--- DESCRIPTION OF THE TASK ---
Go through the material below and copy each line exactly.

--- DATA EXTRACT ---
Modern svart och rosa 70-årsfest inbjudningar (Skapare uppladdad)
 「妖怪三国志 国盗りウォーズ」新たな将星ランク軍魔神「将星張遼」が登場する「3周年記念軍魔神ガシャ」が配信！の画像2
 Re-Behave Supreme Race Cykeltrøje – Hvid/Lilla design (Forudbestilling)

--- RESPONSE FOR THIS EXERCISE ---
Modern svart och rosa 70-årsfest inbjudningar (Skapare uppladdad)
 「妖怪三国志 国盗りウォーズ」新たな将星ランク軍魔神「将星張遼」が登場する「3周年記念軍魔神ガシャ」が配信！の画像2
 Re-Behave Supreme Race Cykeltrøje – Hvid/Lilla design (Forudbestilling)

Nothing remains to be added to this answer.